Long-Lining Spawning Slabs

Trudy Duke and her husband, Ed, fish crappie tournaments on lakes across the southeast, regularly catching slabs like this one.

It’s crappie season. Find out why this expert isn’t going anywhere near the bank to get his limit of slabs.

The month of April ushers in the spring spawn for crappie. The dogwoods are blooming, and all you have to do is grab a bucket of minnows and suspend them under a cork around just about any decent looking piece of woody cover along the bank. It’s a time when everyone is an expert.Then there’s Ed Duke.

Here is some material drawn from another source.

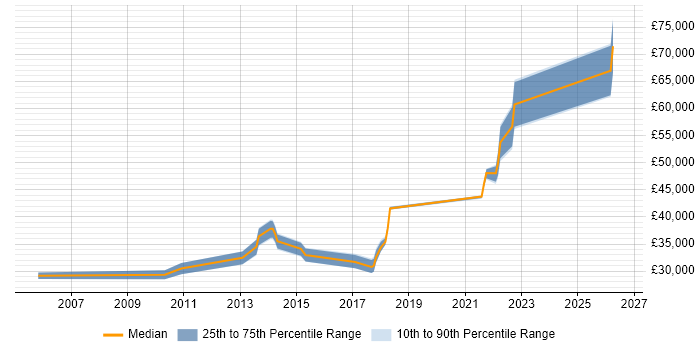 Salary distribution trend for jobs in Merseyside citing System Integration Testing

He doesn’t go anywhere near the shoreline. While other anglers are working every piece of visible cover along the bank, Duke is still out in the middle of the creek trolling. While other anglers are busily working a single rod in and around bushes and overhanging trees in knee-deep water, Ed is quietly slipping along. Fishing line from a dozen rods, perched in rod holders around his boat, glistens in the early morning sun and cuts into his wake as he glides through the water. In crappie circles, Duke is what’s known as a “long liner.”

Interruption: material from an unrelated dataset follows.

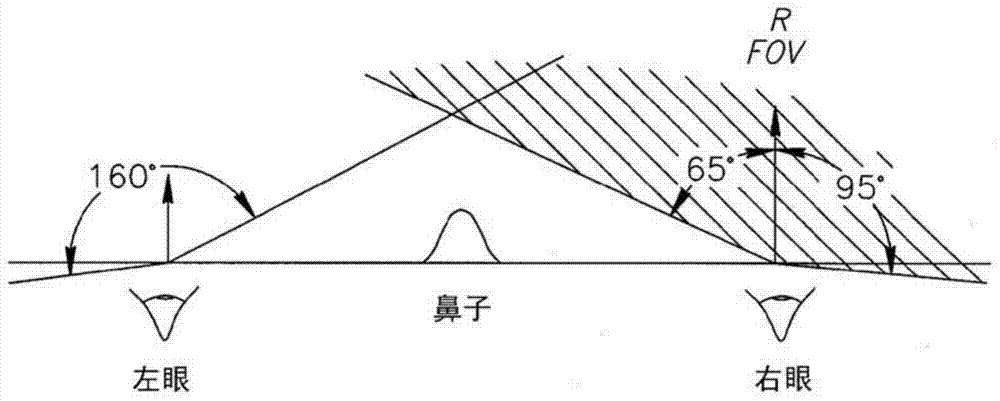 Method and system for treatment of visual impairment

“April is the peak of the spawn on just about all of the piedmont lakes in North Carolina” said Duke, who hails from Concord and has fished just about every lake in the southeast that’s known to hold crappie. “Even when crappie are in the shallowest areas they are all year, I find that I can consistently catch more, and more important, larger crappie by trolling than I could with any other method.

“I’ll troll shallow out in the middle of a spawning flat,” he said, “I prefer deeper creeks, because my experience has shown me that bigger crappie, fish in the 2-pound-plus range, will lay eggs in as deep as 10 feet of water. I like to target those fish that never make it up to the real shallow waters along the shoreline.”

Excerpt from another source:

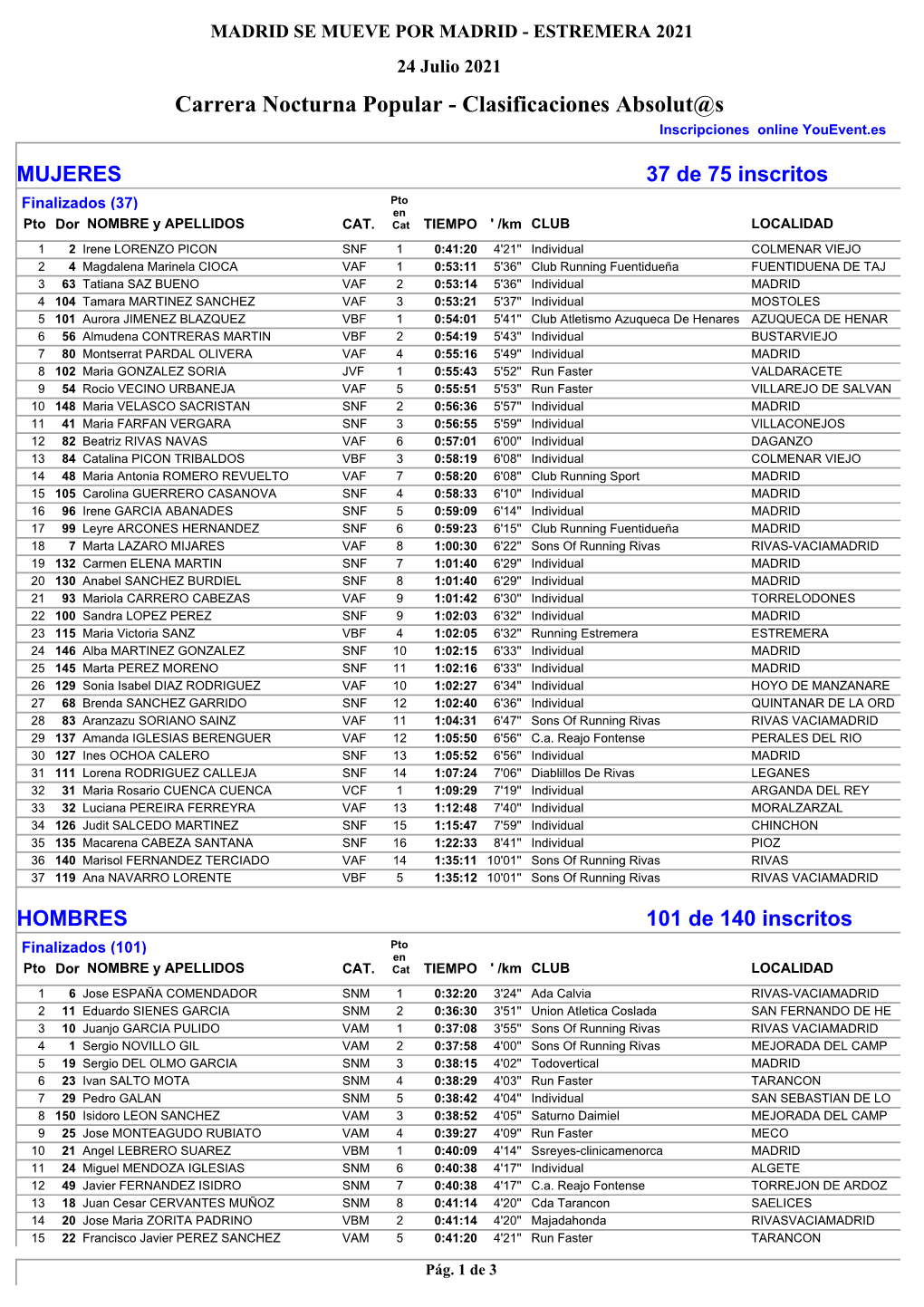 Carrera Nocturna Popular - Clasificaciones Absolut@S Inscripciones Online Youevent.Es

The former executive director of the Southern Crappie Association, Duke said that the norm on most Piedmont lakes is to find water between 55 and 62 degrees. That’s particularly true on two or three sleeper lakes on the Yadkin/Pee Dee chain that don’t get the pressure of higher-profile crappie fisheries like High Rock or Jordan. But because several of the Yadkin/Pee Dee system lakes have both white and black crappie, Duke holds that water temperatures near the 60-degree mark will put white crappie in a prespawn pattern, while black crappie will be spawning.

“Beginning in February, crappie will begin a very predictable migrational pattern that leads them from the mouths of major tributaries back to the spawning flats in April,” Duke said. “After both species have completed their spawning in May, the trend reverses and the fish go back the way they came.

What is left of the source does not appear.